What you should do » Write out the listing from the line with "view of yard" to the line with "two men in baseball", both lines included, exactly and nothing beyond. Leave pictures out.
Segment Start: Records provided
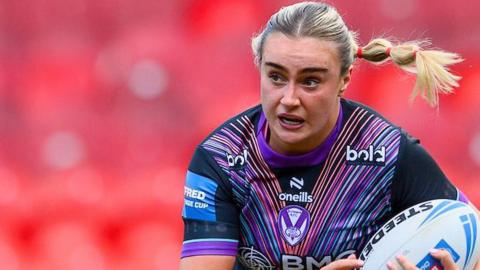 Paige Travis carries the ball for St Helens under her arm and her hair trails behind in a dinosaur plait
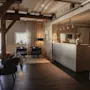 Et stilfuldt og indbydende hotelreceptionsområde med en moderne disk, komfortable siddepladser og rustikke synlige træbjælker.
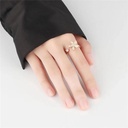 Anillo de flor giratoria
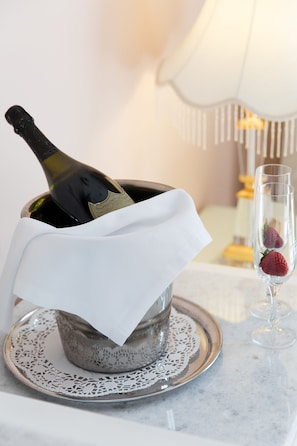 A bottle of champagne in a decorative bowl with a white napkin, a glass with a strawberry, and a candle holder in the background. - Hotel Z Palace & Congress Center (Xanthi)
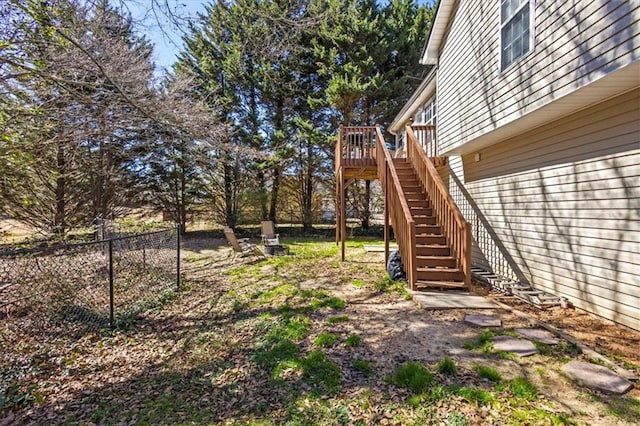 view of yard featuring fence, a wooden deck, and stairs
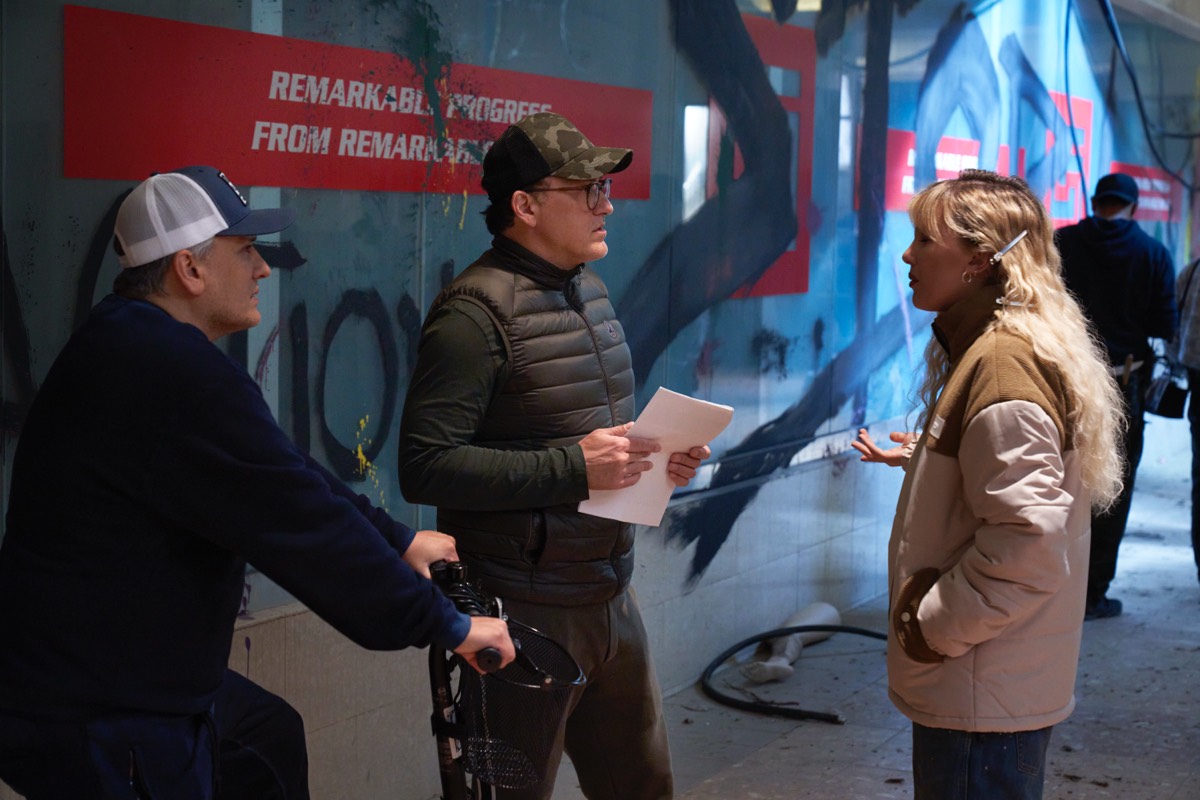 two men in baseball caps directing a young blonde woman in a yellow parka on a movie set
Segment End: Records provided
Segment Start: Records provided
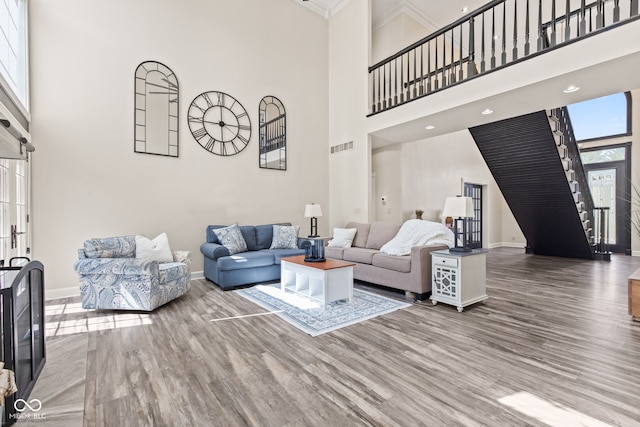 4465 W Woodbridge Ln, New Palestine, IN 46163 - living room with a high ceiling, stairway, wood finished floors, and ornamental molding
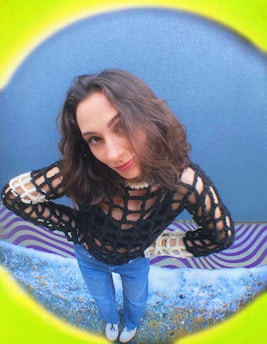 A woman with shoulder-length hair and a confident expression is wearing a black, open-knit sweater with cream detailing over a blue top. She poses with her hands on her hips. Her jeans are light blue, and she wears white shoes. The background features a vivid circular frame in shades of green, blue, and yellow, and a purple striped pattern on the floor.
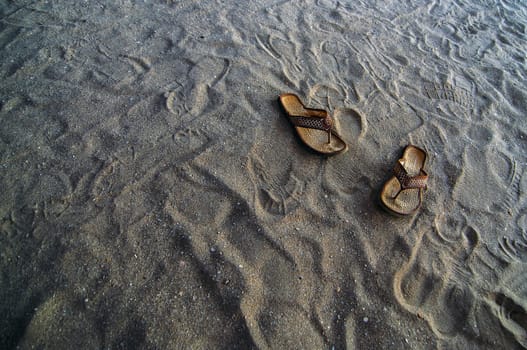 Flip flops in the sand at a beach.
Segment End: Records provided
Segment Start: Records provided
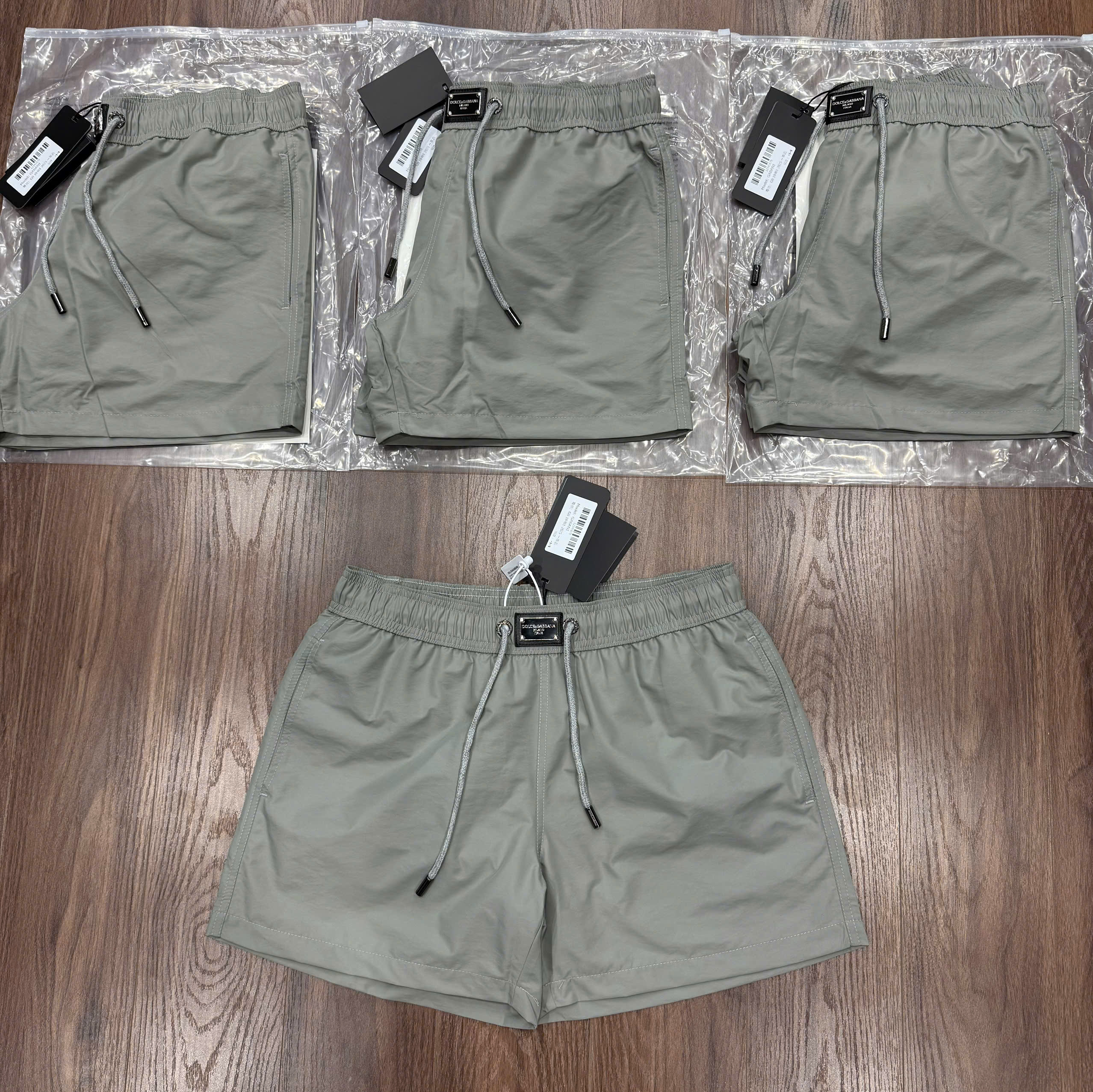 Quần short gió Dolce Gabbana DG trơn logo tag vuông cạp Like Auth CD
Segment End: Records provided
Exercise result »
 view of yard featuring fence, a wooden deck, and stairs
 two men in baseball caps directing a young blonde woman in a yellow parka on a movie set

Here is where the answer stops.